I have several questions here:
1.Can we write down the isomorphism $(1)$ explicitly? Claim.2 seems to be used by letting $(i_p)_\ast$ act on a left invariant vector field on $G$, so is the isomorphism $(1)$ given by $$\mathfrak{g}\to V_u,X\mapsto (i_p)_\ast(X)\arrowvert_u?$$
2.Do we really need property $(2)$, which looks like an equivariant condition?
3.Does the isomorphism $(1)$ depend on $u\in \pi^{-1}(p)$ or does it only depend on $p=\pi(u)\in M$?
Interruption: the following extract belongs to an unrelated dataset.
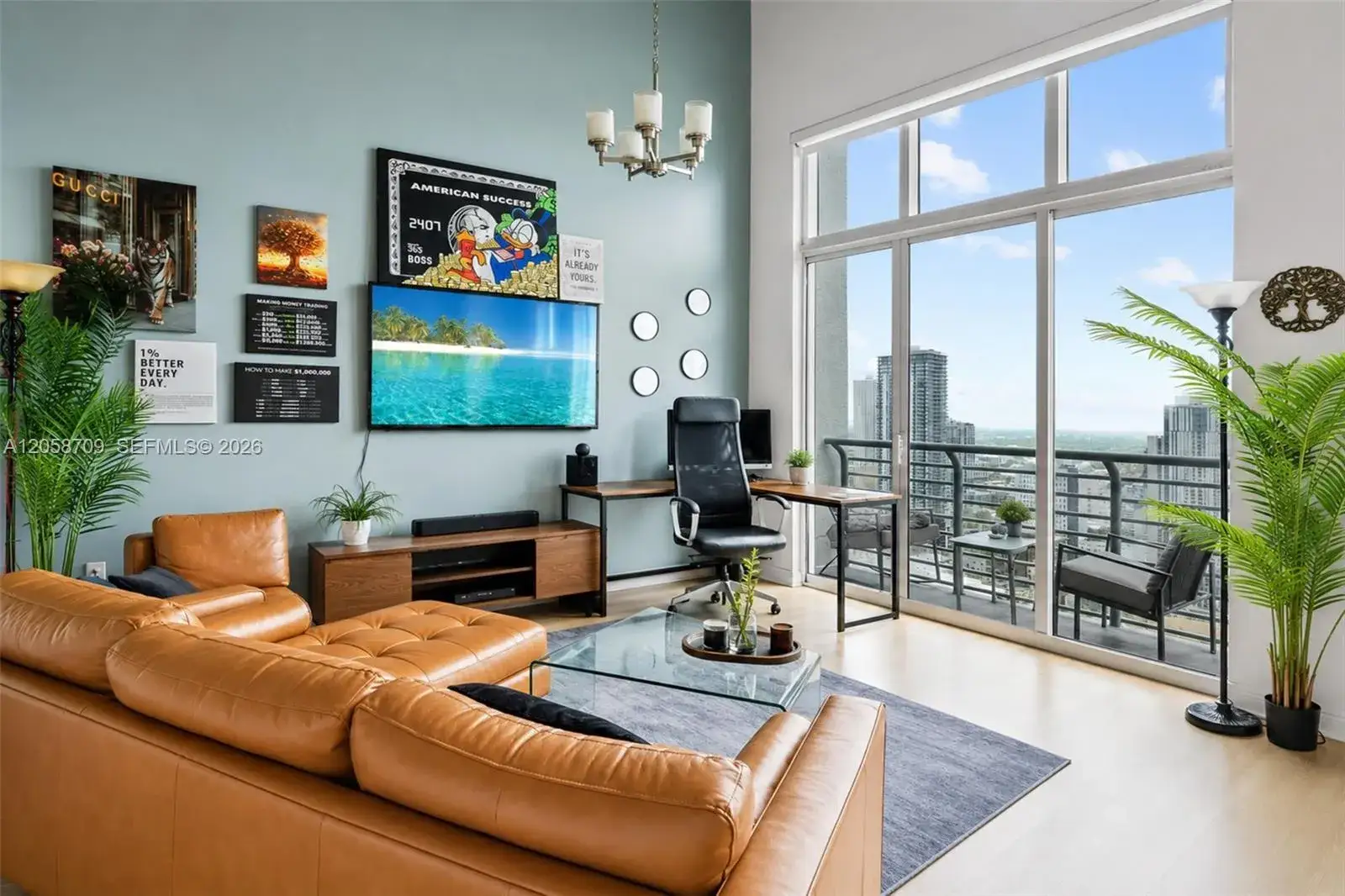 1 bedroom 1 bath Residential for sale at 133 NE 2nd Ave # 3617, Miami FL 33132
So much effort, thanks for any hints or answers, as well as any references!
Best Answer
The isomorphism depends on $u$ because it occurs at the point $u \in \pi^{-1}(p)$. You could say that you simultaneously identify all tangent spaces of each fiber by identifying the fiber with $G$ and then right translating the tangent spaces of $G$ to trivialize the tangent bundle of $G$. The isomorphism indeed does not depend on property (2), since property (1) uniquely determines the diffeomorphism to $G$, up to left translation. We can write down the isomorphism explicitly as you did.